I tried escaping through church, where pastors encouraged me to try marriage counseling with Mark, but he refused. So I tried to keep busy, volunteering since Mark didn’t want me to have a job. There was a prison pen pal program to encourage rehabilitation, so I signed up. To my surprise, I was paired up with an inmate who never got mail, Lorenzo Ricci. I recognized the name and encouraged him to reflect on his crimes and why he committed them. We were getting somewhere, but eventually, Mark stopped me from going to church, too. I stopped hearing from Lorenzo, so I stopped writing him.

I knew my parents were worried about me. Mark always listened in on my calls and would hang up the phone often after only a few minutes. Then he stopped letting me talk to them at all. My husband took my cell phone away, and I was entirely at his mercy, especially without access to his bank account. He left some cash on the table for groceries, and ifI didn’t show him the receipt and give him the exact change, he would beat me.

I thought of leaving at first when I still had some self-esteem. As time passed, Mark wore me down, breaking me more and more until I was convinced I deserved this, that I was a lousy wife, and everything I did made him angry. The only solace I had was that he was loyal.

Until he wasn’t.

I was out running errands when I realized I had forgotten the money Mark left on the table for me. I headed home, and when I opened the door, I froze.

There were clothes littered everywhere, clothes that weren’t mine. A pair of pumps were laid by Mark’s shoes, and my heart dropped. I heard the unmistakable sounds of moans upstairs. I removed my shoes and closed the door slowly before creeping up the stairs.
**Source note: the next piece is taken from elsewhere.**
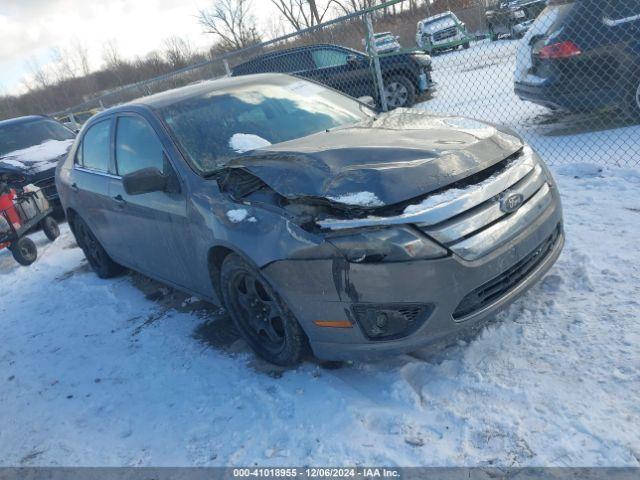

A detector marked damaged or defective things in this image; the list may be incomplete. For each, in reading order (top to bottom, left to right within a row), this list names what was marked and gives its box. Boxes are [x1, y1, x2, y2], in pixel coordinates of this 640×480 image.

crumpled hood [0, 139, 74, 174]
crumpled hood [228, 109, 524, 208]
damaged gray sedan [57, 74, 564, 364]
broken headlight [328, 225, 448, 262]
I burst through our bedroom door and gasped. Mark was there, naked with his secretary. He was fucking her in missionary, something he no longer did with me since he didn’t want to see my bruised-up face.

Mark looked up at me and stopped, immediately pulling out as the secretary scrambledto cover herself. “What the fuck are you doing here, Amara?” he shouted.
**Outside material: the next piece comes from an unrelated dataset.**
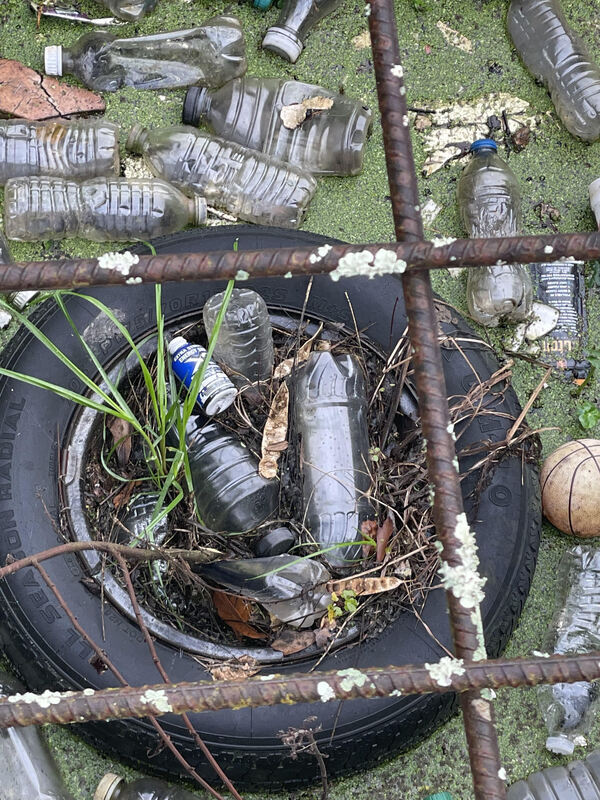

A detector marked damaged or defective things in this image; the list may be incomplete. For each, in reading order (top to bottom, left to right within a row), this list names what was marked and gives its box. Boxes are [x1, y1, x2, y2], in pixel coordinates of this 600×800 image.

rusty rebar [0, 230, 596, 292]
rusty rebar [1, 648, 600, 732]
I laughed. I couldn’t help it. Was Mark asking me questions with accusation in his tone? He wasn’t sorry at all, only that he got caught. I felt hurt, and part of me was devastated but profoundly relieved.

I could leave him now. No one would blame a woman for leaving her cheating husband. Loyalty was the last thread that kept our marriage together, and now that was gone. I was done.

I was even more done when I noticed the swell of the secretary’s belly. She was single, and I was pretty sure that was my husband’s baby she carried.

“You got her pregnant?” I countered, my voice shaking with shock.

“It’s not like you can get pregnant,” He sneered as he pulled his pants on. “We’ve tried for years and nothing! You can’t even do the one job women have. You’re fucking useless, Amara.”

The secretary bolted from the room, muttering, “I’m so sorry, I’m so sorry,” as she probably went for her clothes.

“You don’t have to leave,” I called after her. “You can have him. I’m done.” I turned to Mark, almost smirking as all the repressed rage at his treatment of me surfaced. “It’s over, Mark.”

He laughed. “You can’t leave me, bitch! You have nowhere, no one, and not a penny to your name. No one else will put up with a failure like you.”

At that moment, I didn’t care. “I’d rather be homeless than live with you for another second.”